7.8Transactions with Affiliates. Except as permitted by Section 7.7(g) and Section 7.14, enter into any transaction, including any purchase, sale, lease or exchange of property, the rendering of any service or the payment of any management, advisory or similar fees, with any Affiliate of any Group Member (other than the Borrower or any Subsidiary Guarantor or pursuant to any transaction that is otherwise permitted pursuant to this Agreement or is otherwise listed on Schedule 7.8) unless such transaction is (a) in the ordinary course of business of the relevant Group Member, and (b) upon fair and reasonable terms no less favorable to the relevant Group Member than it would obtain in a comparable arm’s length transaction with a Person that is not an Affiliate.
7.9Sales and Leasebacks. Enter into any Sale Leasebacks, other than Permitted Sale Leasebacks.
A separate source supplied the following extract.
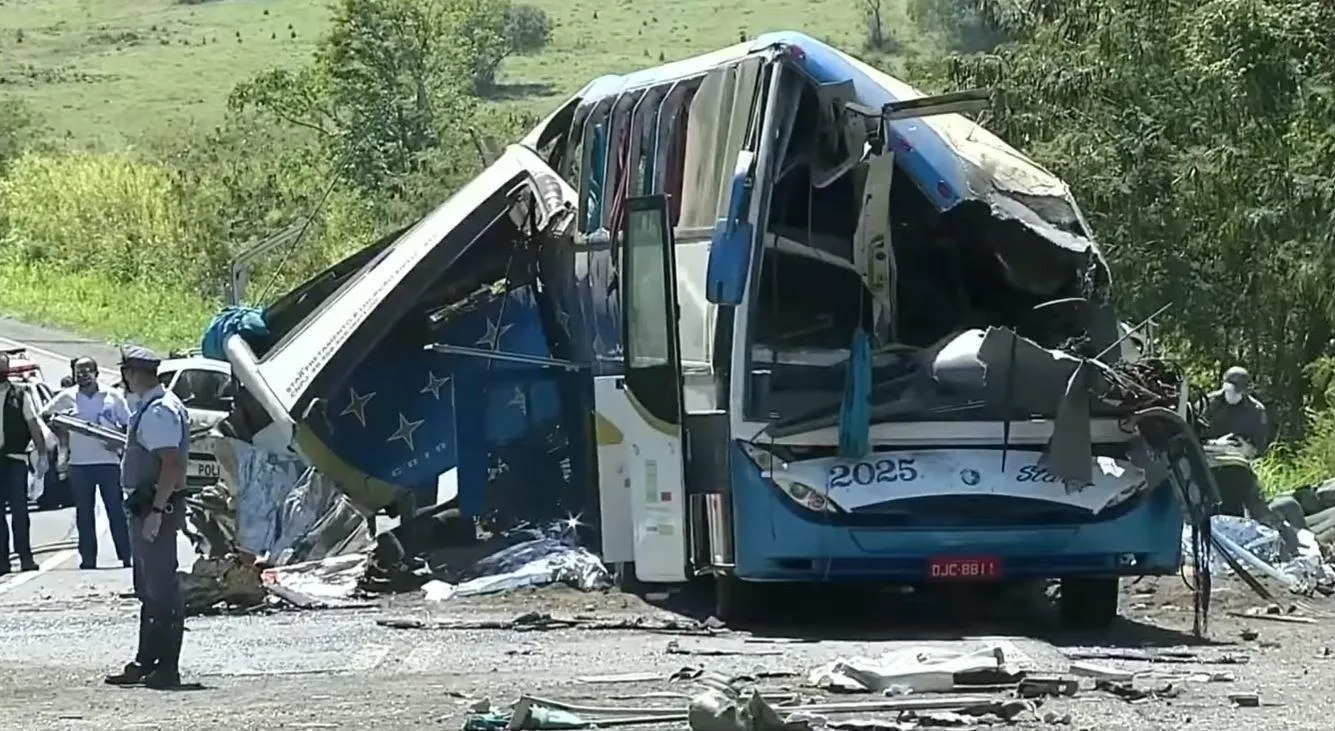 Batida entre ônibus e caminhão deixa dezenas de mortos em rodovia.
7.10Swap Agreements. Enter into any Swap Agreement, except (a) Swap Agreements entered into to hedge or mitigate risks to which the Borrower or any Subsidiary has actual exposure (other than those in respect of Capital Stock) and (b) Swap Agreements entered into in order to effectively cap, collar or exchange interest rates with respect to any interest-bearing liability or investment of the Borrower or any Subsidiary.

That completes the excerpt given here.